Shash displays on standard output statistics about the named RMSfile lfile. Lfile must be either the logical name or the pathname of a hashed RMSfile.

Shash reads each record in the RMSfile by key value, and counts the number of record accesses to read each record. The number of accesses includes one read to read the actual record, and one read for each collision. The following is sample output from shash:

211 records in file

49 records in use

23.2227% loading factor

1 minimum accesses per record

2 maximum accesses per record

1 median accesses per record

1.06122 average accesses per record

0 minimum access time

0 maximum access time

0 median access time

0 average access time

acc #nrec %rec # >= % >=

1 ( 46, 93%, 49, 100% ) *********************************

2 ( 3, 6%, 3, 6% ) **

Records in file is the maximum number of records that can be in the RMSfile. It is the number of records specified when the RMSfile was created or expanded. This number should normally be a prime number.

Records in use is the number of active records in the RMSfile. Deleted and never used records are not counted.

Loading factor is the ratio of records in use to records in file expressed as a percentage. The performance of a hashed file deteriorates as the loading factor rises. You can change the loading factor by expanding the maximum number of records in the RMSfile.

Minimum accesses per record is the smallest number of accesses to find a record. This number is normally one.

Maximum accesses per record is the largest number of accesses to find a record.

Median accesses per record is the 'midway' point between the minimum number of accesses and the maximum number of accesses.

Average accesses per record is the average number of accesses to find a record.

Minimum access time is the shortest access time to find a record. This has a resolution of 1 second.

Maximum access time is the longest access time to find a record. This has a resolution of 1 second.

Median access time is the 'midway' point between the shortest and the longest access time to find a record. This has a resolution of 1 second.

Average access time is the average access time to find a record. This has a resolution of 1 second.

The remaining output from shash is a histogram showing the number of records that have a given number of accesses to find them.

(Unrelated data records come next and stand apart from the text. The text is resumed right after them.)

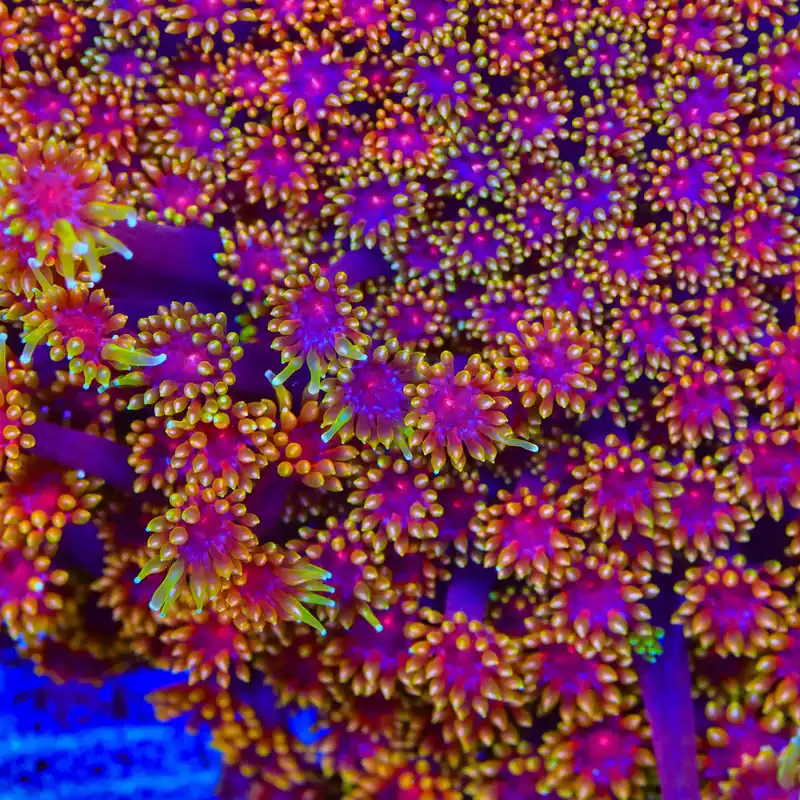 TSA Fun Dip Goniopora Coral - TSA Coral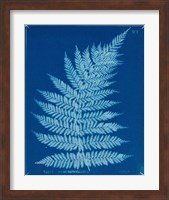 Framed 'Cyanotype Ferns IX' border=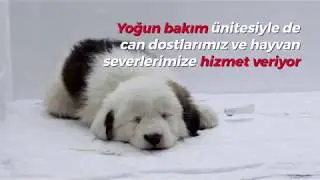 BOLU BELEDİYESİ HAYVAN HASTANESİ TANITIM FİLMİ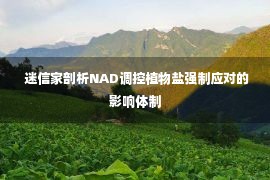  迷信家剖析NAD调控植物盐强制应对的影响体制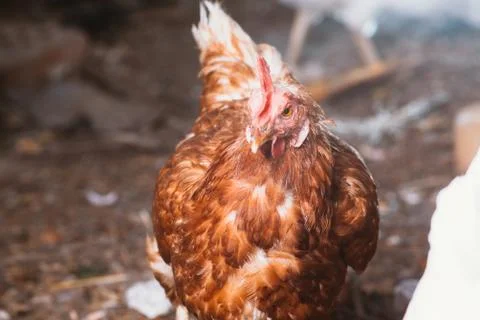 A young hen is looking to the camera Stock Photos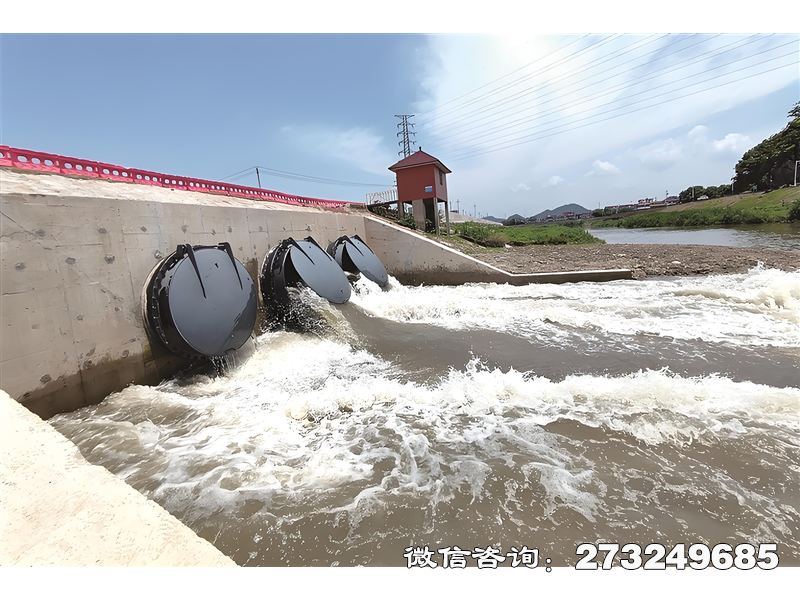 伊春蓄滯洪區(qū)潮門拍門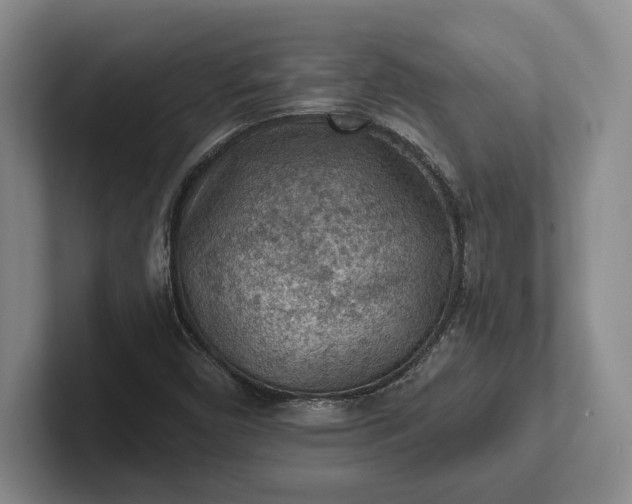 X0000102281450200808081452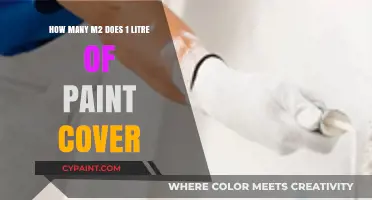 Paint Coverage: 1 Litre, How Much Area?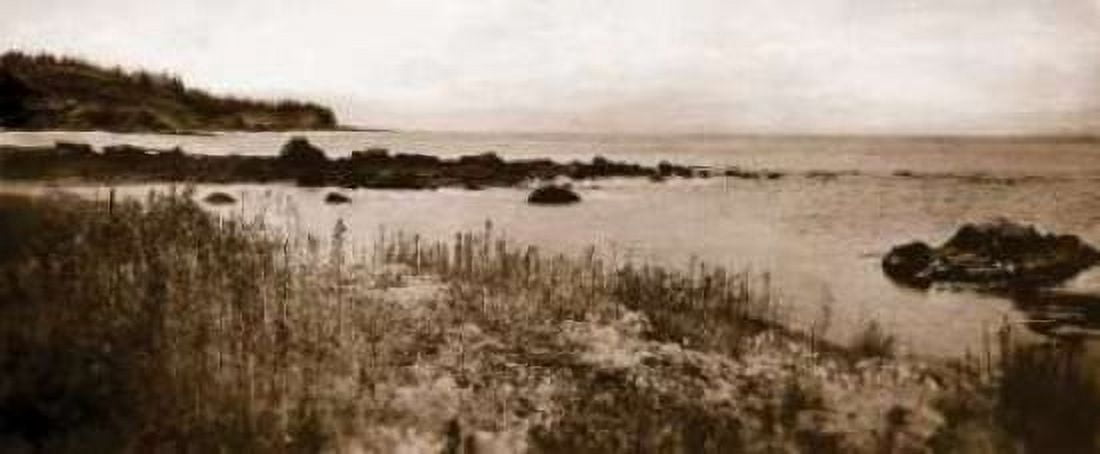 Sepia Island Shores I Canvas Art - Amy Melious (10 x 20)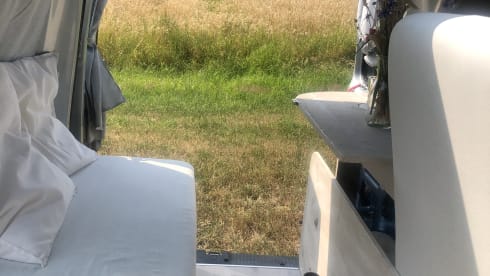 Willi – Vermiete Renault Kangoo Minicamper Eigenumbau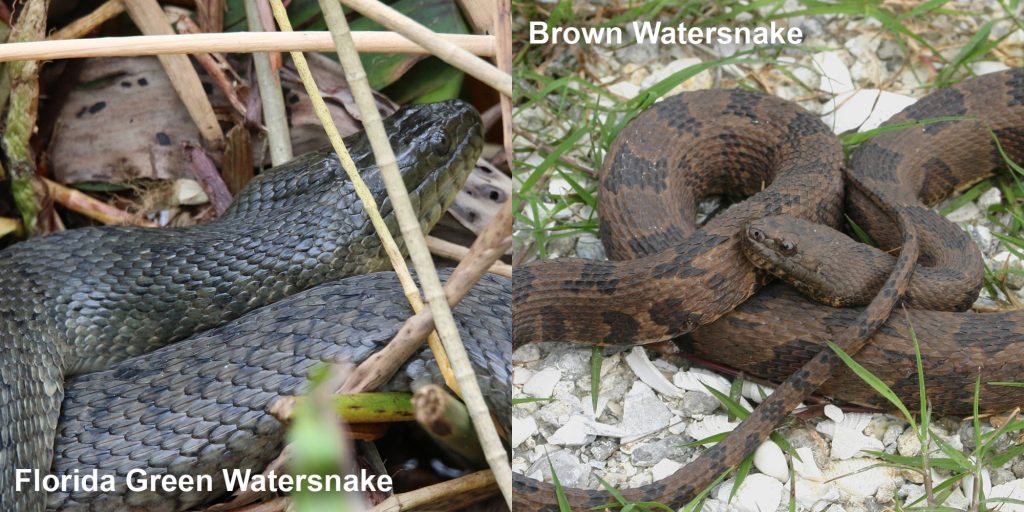 two images side by side - Image 1: Florida Green Watersnake dull green snake in marsh grass. Image 2: Adult brown watersnake - coiled brown snake with dark brown markings.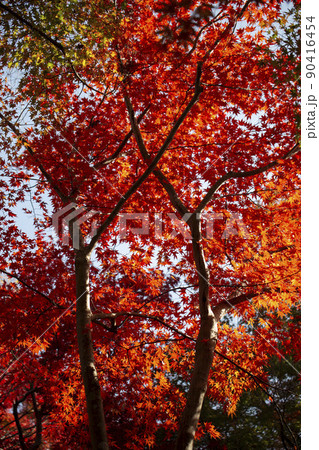 紅葉狩り 紅葉狩り 90416454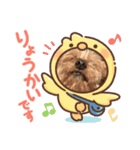 ヨーキー蓮くん（個別スタンプ：4）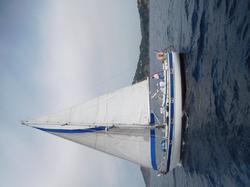 Illustration de la galerie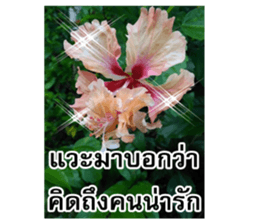 Happy flower garden sticker #14028644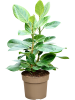Фикус Altissima  H70×W45 D24×21 см 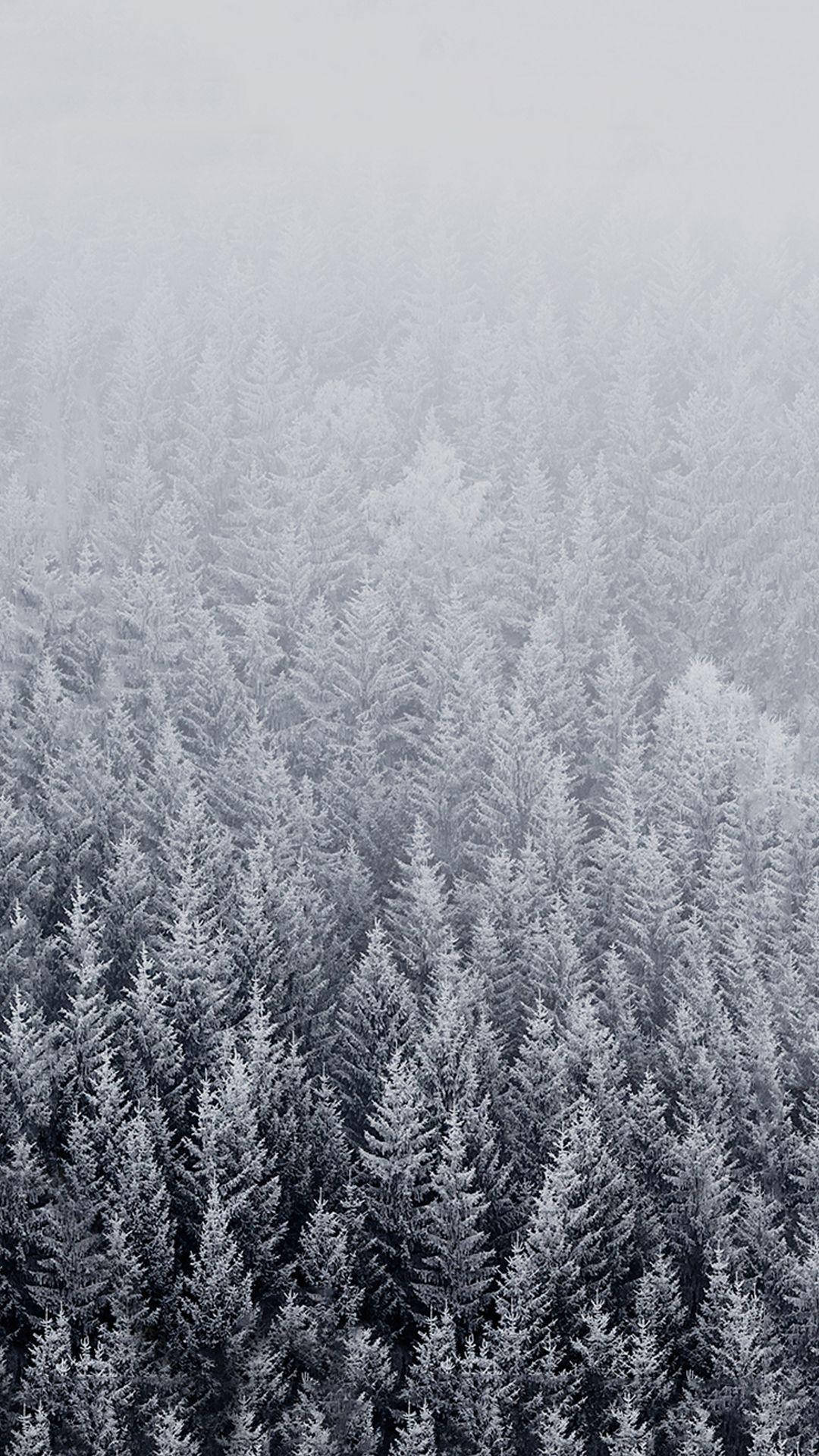 Winter Forest Phone Wallpaper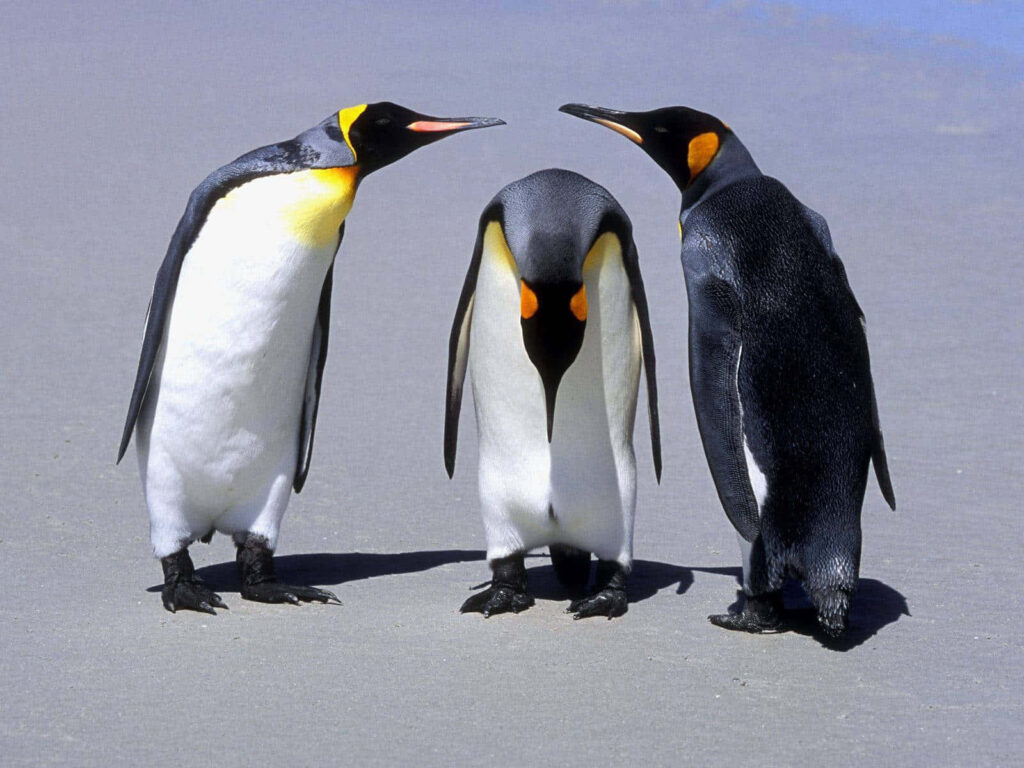 Serene King Penguins on Sandy Shore - Tranquil Ocean Background Wallpaper
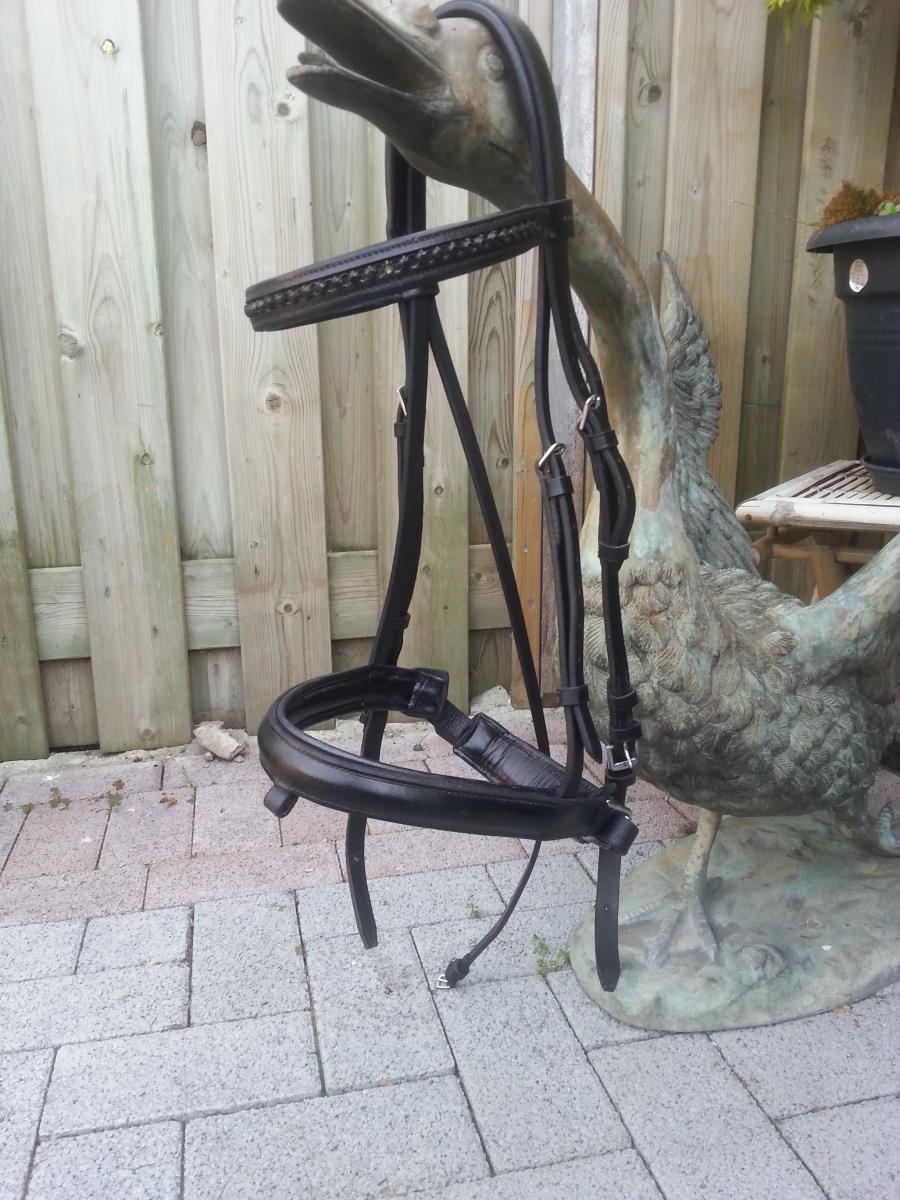 Hoofdstellen + frontriemen te koop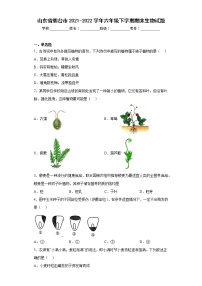 山东省烟台市2021-2022学年六年级下学期期末生物试题(含答案)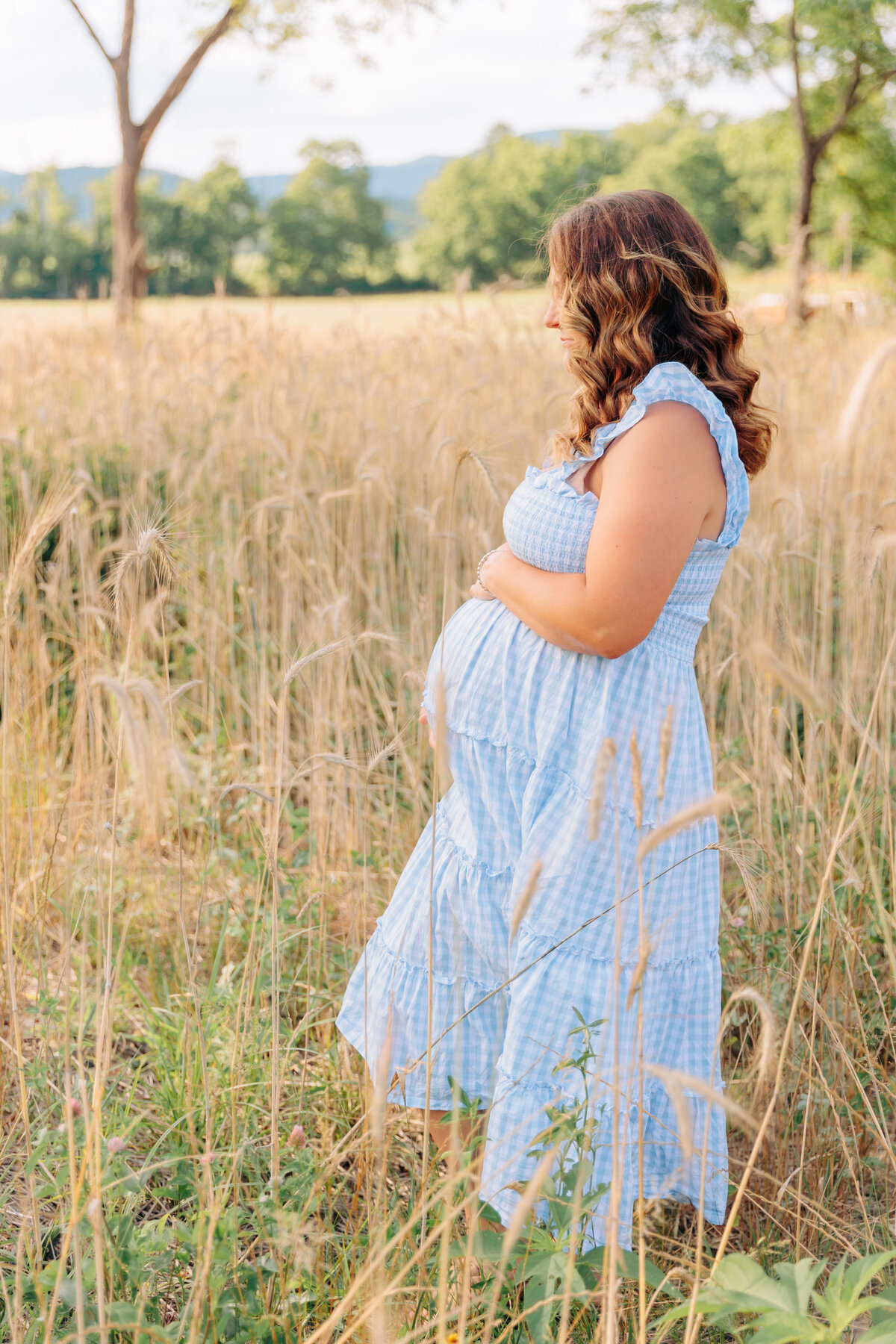 Outdoor Family Maternity photo session photographed by Asheville Maternity and Newborn Photographer Rachel Marie Photography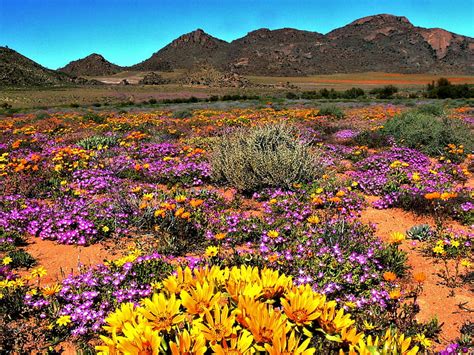 K Descarga Gratis Namaqua Flores Sud Frica Monta As Parque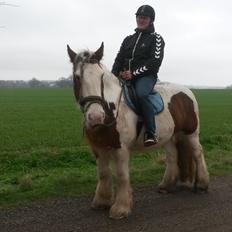 Irish Cob Kenzo's Lacrosse AKA Krølle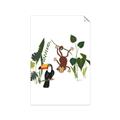 Picture of Hanging in the rainforest I _GroupedProduct_Rectangle_Portrait_Mini_ _GroupedProduct_Rectangle_Portrait_Unframed_Print_Only_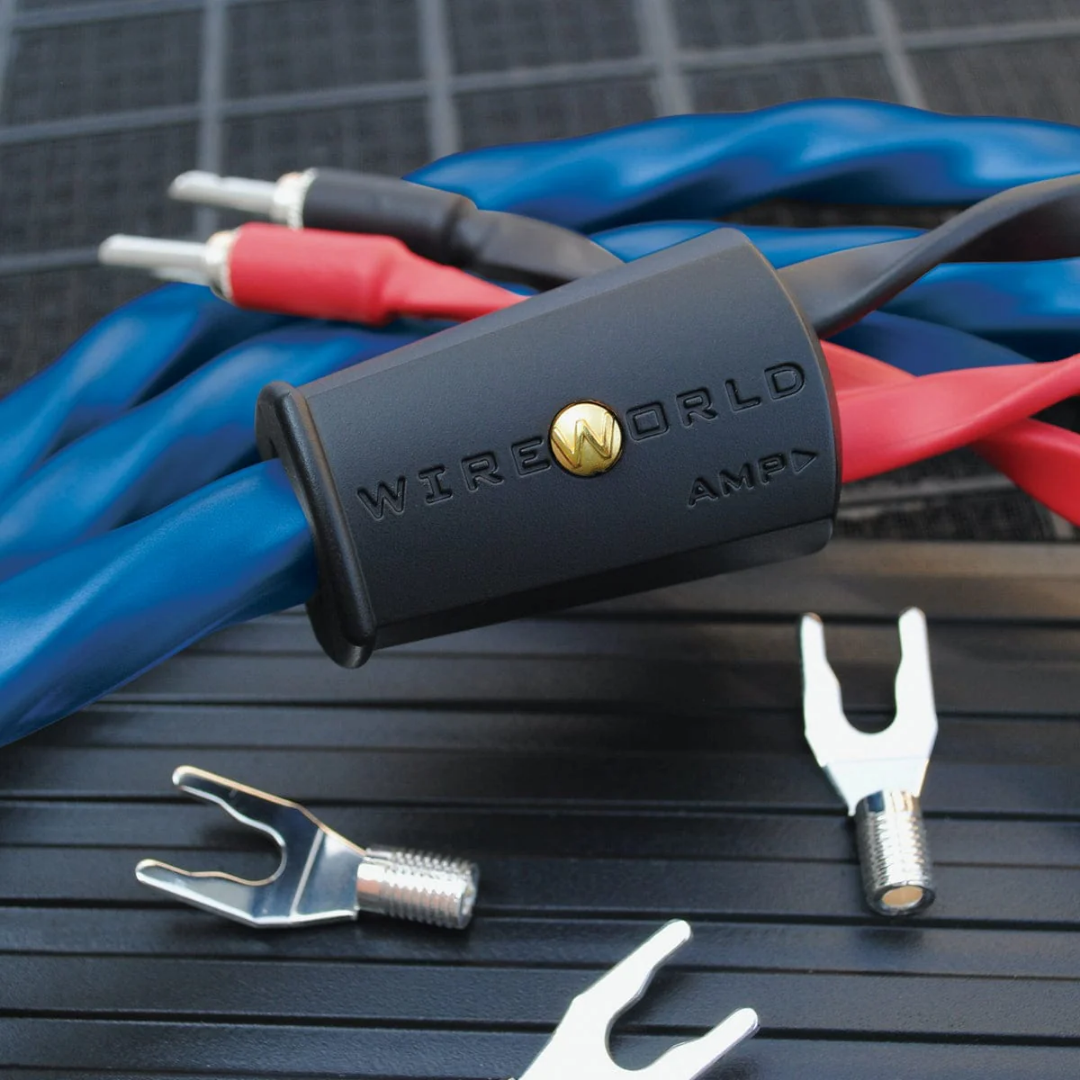 Oasis 10-Speaker Cable (6)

The acc column shows the number of record accesses, the #nrec column shows the number of records that have that number of accesses, the %rec column shows the percentage of records to the number of active records, the # >= column shows the number of records that have this or a greater number of accesses, and the % >= column shows the number of records that have this or a greater number of accesses as a percentage of the number of active records.

NOTES

The access timing information is very approximate; the resolution is one second, and it does not take system load into account.

This program is available only with the C/Base Utilities software package.